Each record that comes next should be output exactly; pictures do not belong in the copy.
--- START ---
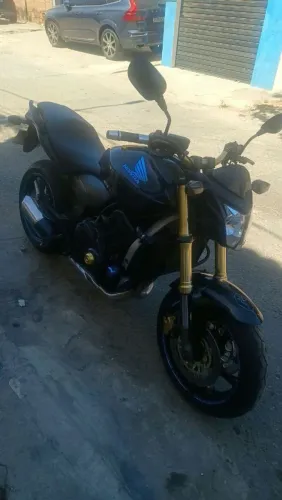 Vdd uma moto Ronity 650 toda revisada único dono
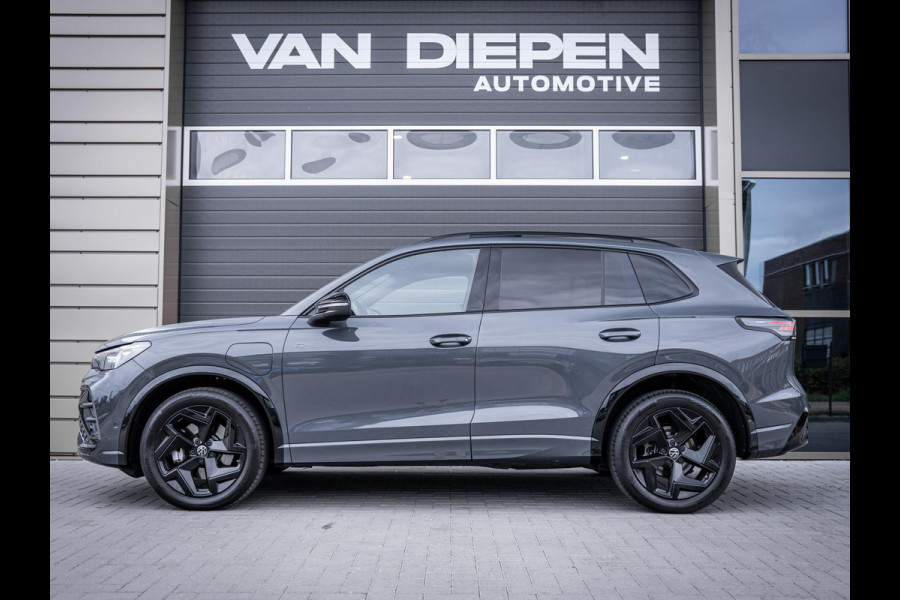 Volkswagen Tiguan 1.5 eHybrid R-Line Edition - Dolphin Grey l Pano l Massage l Sfeerverl.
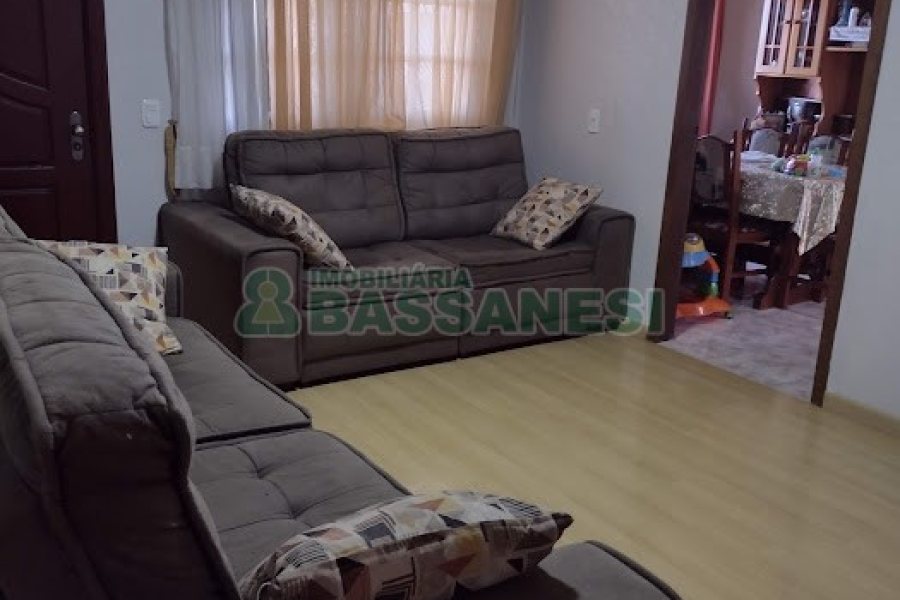 Casa com 400m², 5 dormitórios, 5 vagas, no bairro Desvio Rizzo em Caxias do Sul para Comprar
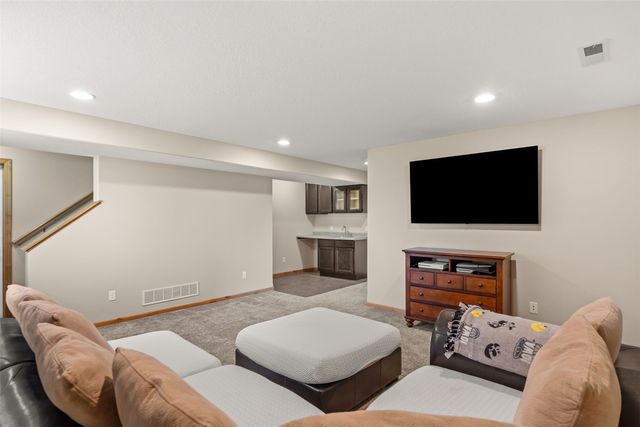 10 Ash Court, North Liberty, IA 52317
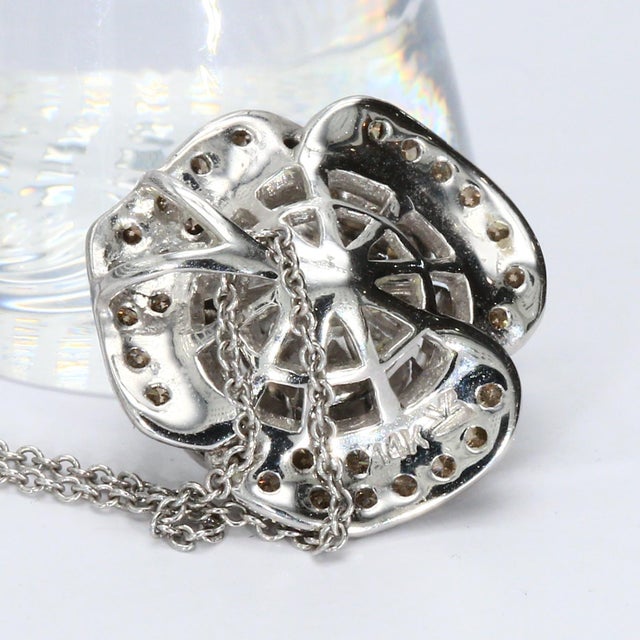 Contemporary 14k White Gold Floral Pendant Necklace With 0.15ct Diamond For Sale - Image 3 of 4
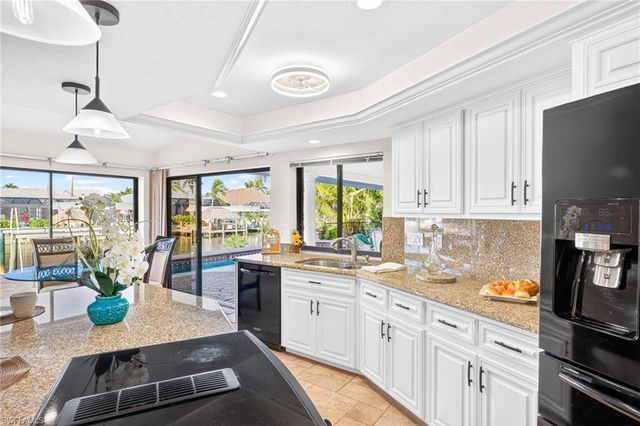 1221 SW 51st TER, Cape Coral, FL 33914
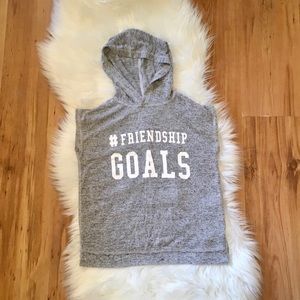 H&M sleeveless shirt W small or youth 12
--- END ---
▶ THE COMPLETED TASK:
 Vdd uma moto Ronity 650 toda revisada único dono
 Volkswagen Tiguan 1.5 eHybrid R-Line Edition - Dolphin Grey l Pano l Massage l Sfeerverl.
 Casa com 400m², 5 dormitórios, 5 vagas, no bairro Desvio Rizzo em Caxias do Sul para Comprar
 10 Ash Court, North Liberty, IA 52317
 Contemporary 14k White Gold Floral Pendant Necklace With 0.15ct Diamond For Sale - Image 3 of 4
 1221 SW 51st TER, Cape Coral, FL 33914
 H&M sleeveless shirt W small or youth 12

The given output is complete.